(WHAT YOU NEED TO DO): Return the data below exactly, minus the pictures.

Items listed in a dataset:

== Segment start ==

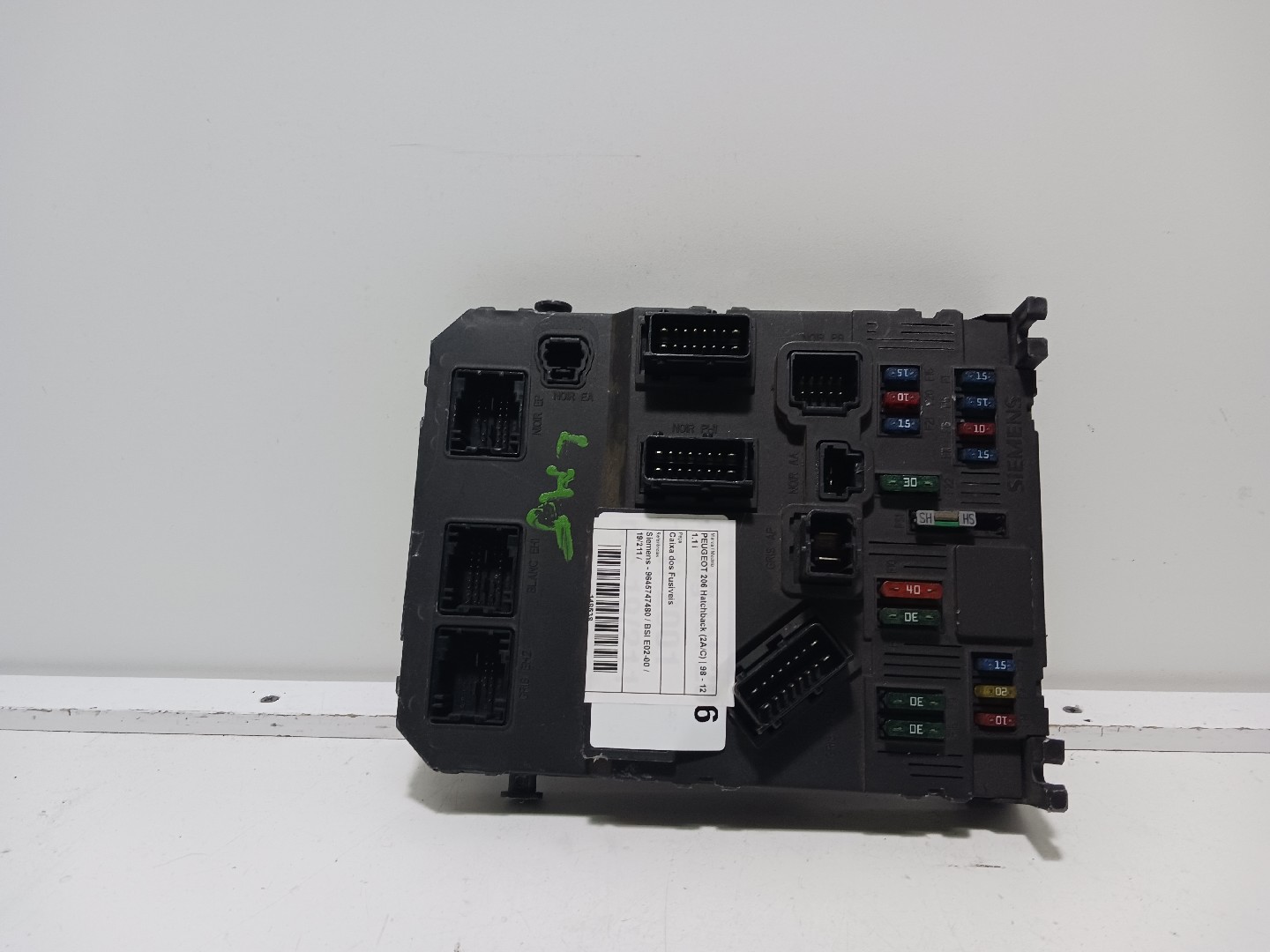 Caixa dos Fusíveis PEUGEOT 206 Hatchback (2A/C) | 98 - 12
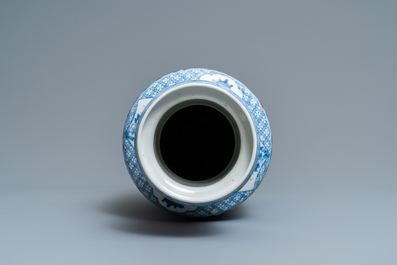 Un vase de forme rouleau en porcelaine de Chine en bleu et blanc, 19&egrave;me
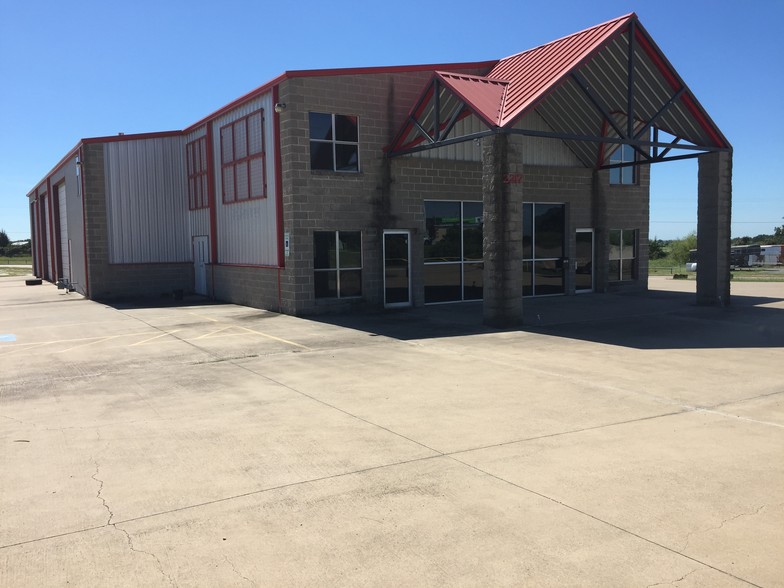 2217 Old Dennis Rd, Weatherford, TX for sale - Building Photo - Image 1 of 1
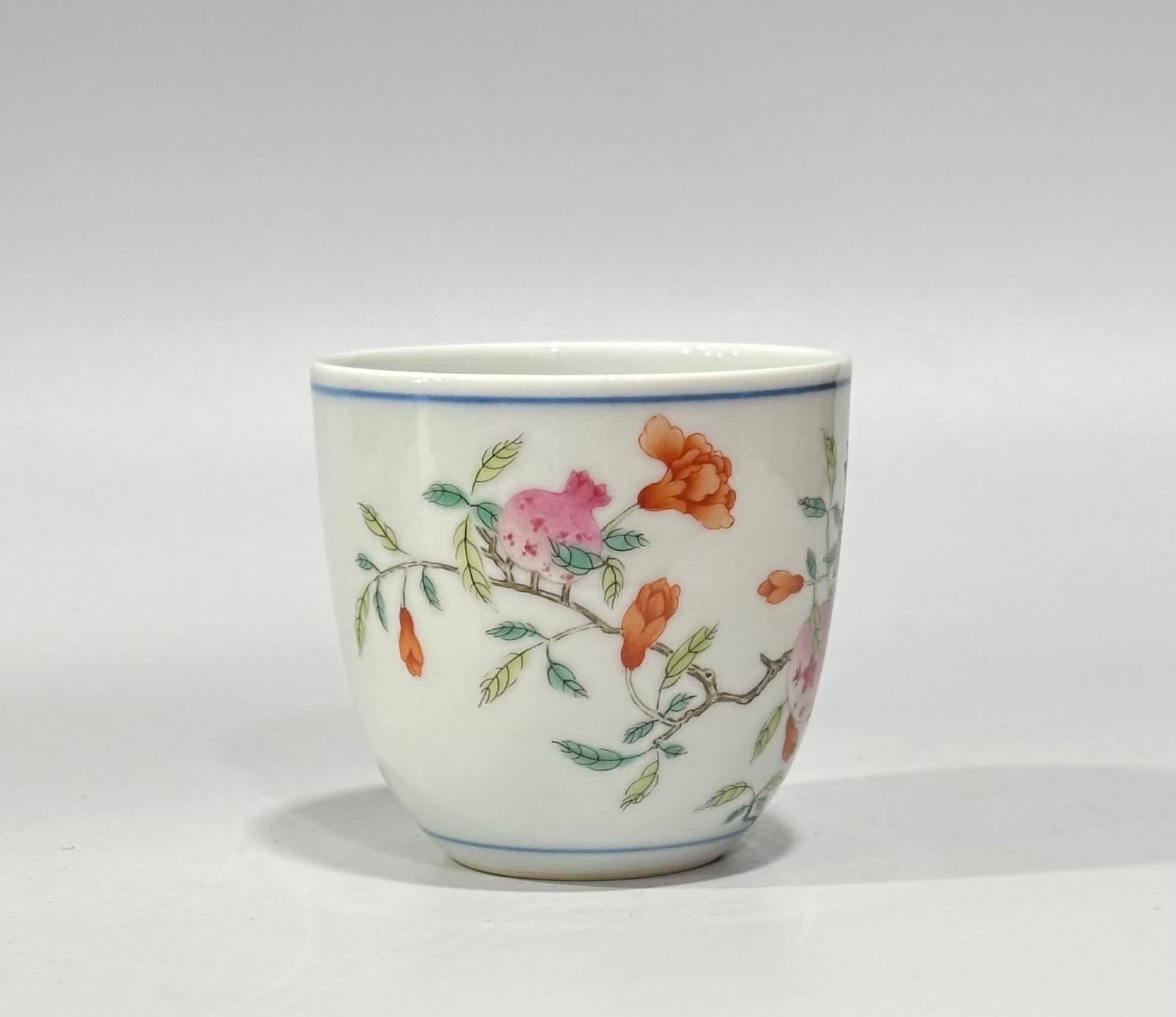 A Qing Qianlong pastel pomegranate pattern cup - 3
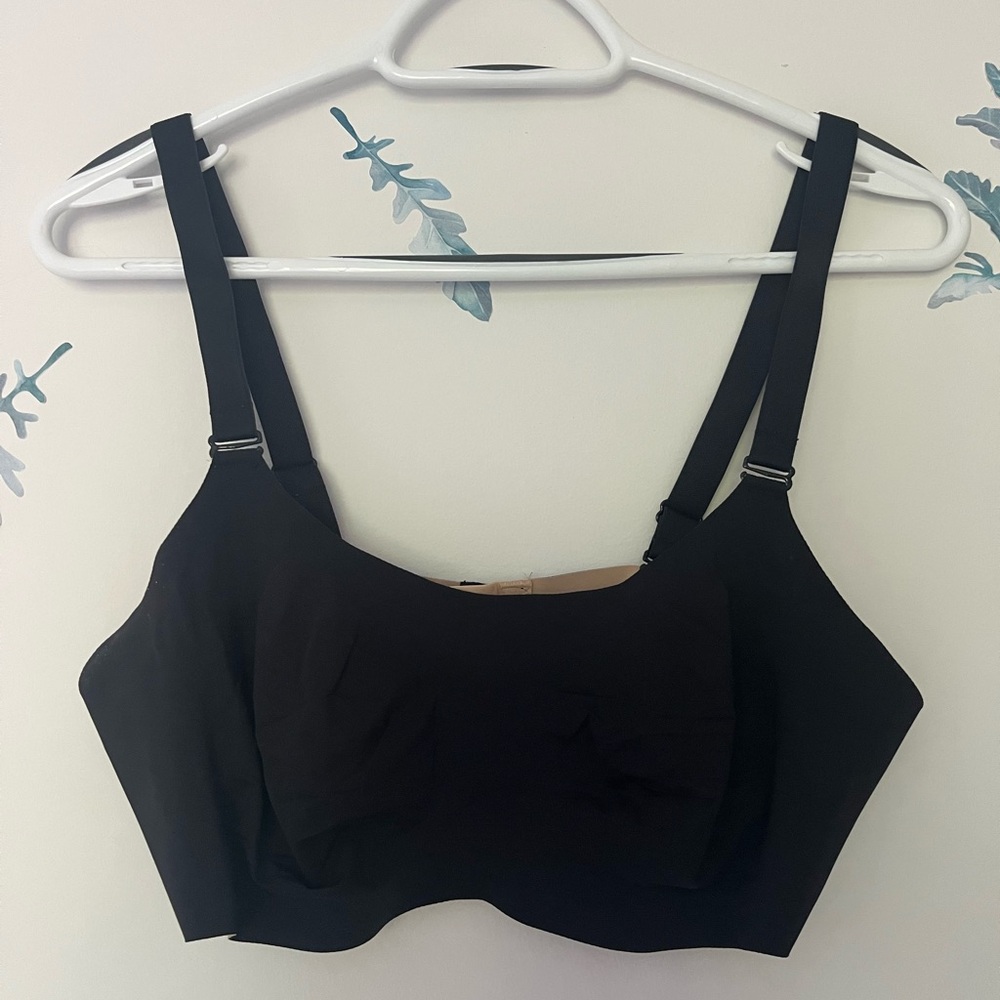 Knix Black Adjustable Strap Bralette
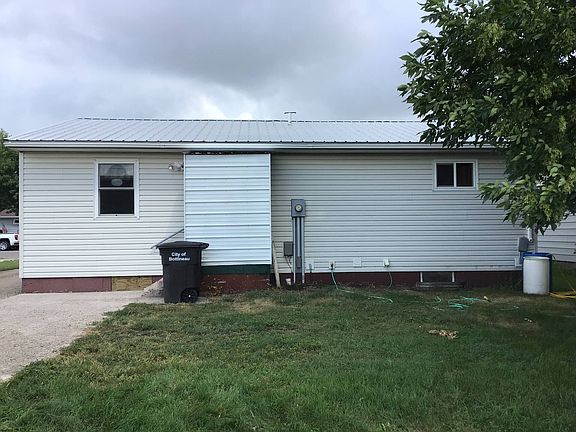 2nd image of 205 13th St W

== Segment end ==

(WORKED SOLUTION):
 Caixa dos Fusíveis PEUGEOT 206 Hatchback (2A/C) | 98 - 12
 Un vase de forme rouleau en porcelaine de Chine en bleu et blanc, 19&egrave;me
 2217 Old Dennis Rd, Weatherford, TX for sale - Building Photo - Image 1 of 1
 A Qing Qianlong pastel pomegranate pattern cup - 3
 Knix Black Adjustable Strap Bralette
 2nd image of 205 13th St W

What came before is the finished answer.